Ron Torgerson, a resource officer for SITLA, said the horse removal should help prevent degradation of the state lands in Blawn Wash, but won't permanently fix the problem. Horses from other herds will move into Blawn Wash, which has been seeded over the years and provides prime grass, he said.

Warr acknowledged the roundup is "just a scratch" at the long-term goal of removing wild horses from the state lands. He estimated there were 250 horses there before this week's roundup.

Besides the 140 being removed from the Blawn Wash area, the federal land agency is using passive measures called water traps to capture 50 horses on private land northwest of Cedar City.

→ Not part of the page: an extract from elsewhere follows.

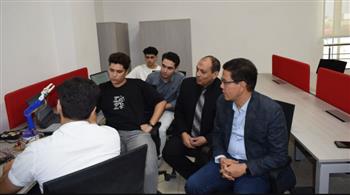   رئيس جامعة بنها يتفقد التدريب الصيفى لطلاب الجامعات بمركز إبداع مصر الرقمية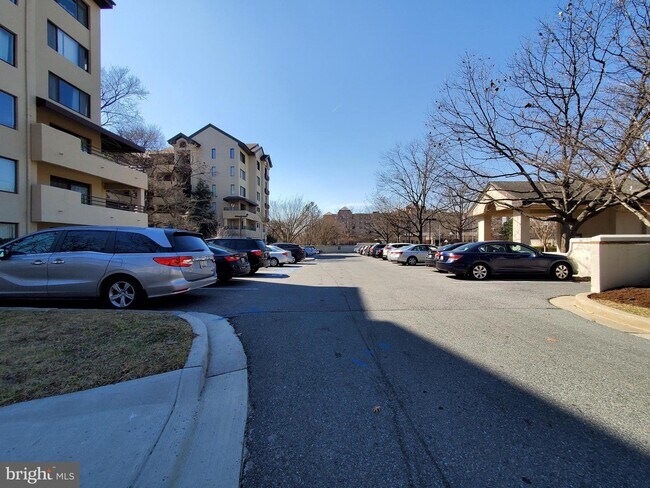 Building Photo - 6050 California Cir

So far, 25 horses have been corralled and removed at one such water hole, and two new traps have been set up, said Elizabeth Burghard, field office manager for the BLM in Cedar City.

The BLM also plans to remove 10 horses that are part of the Sulphur herd along the Nevada state line. About 20 of that herd's horses hang out around State Road 21, and they're a hazard to motorists.

kmoulton@sltrib.com

Twitter: @KristenMoulton —

If you go

Visitors are welcome to watch the Bureau of Land Management roundups underway this week at Blawn Wash, but they need to be in Milford at 5 a.m. Details are available at the BLM's Blawn Wash gather website, http://blm.gov/4yld. The roundups will continue through the week and possibly into next week, until 140 horses are removed.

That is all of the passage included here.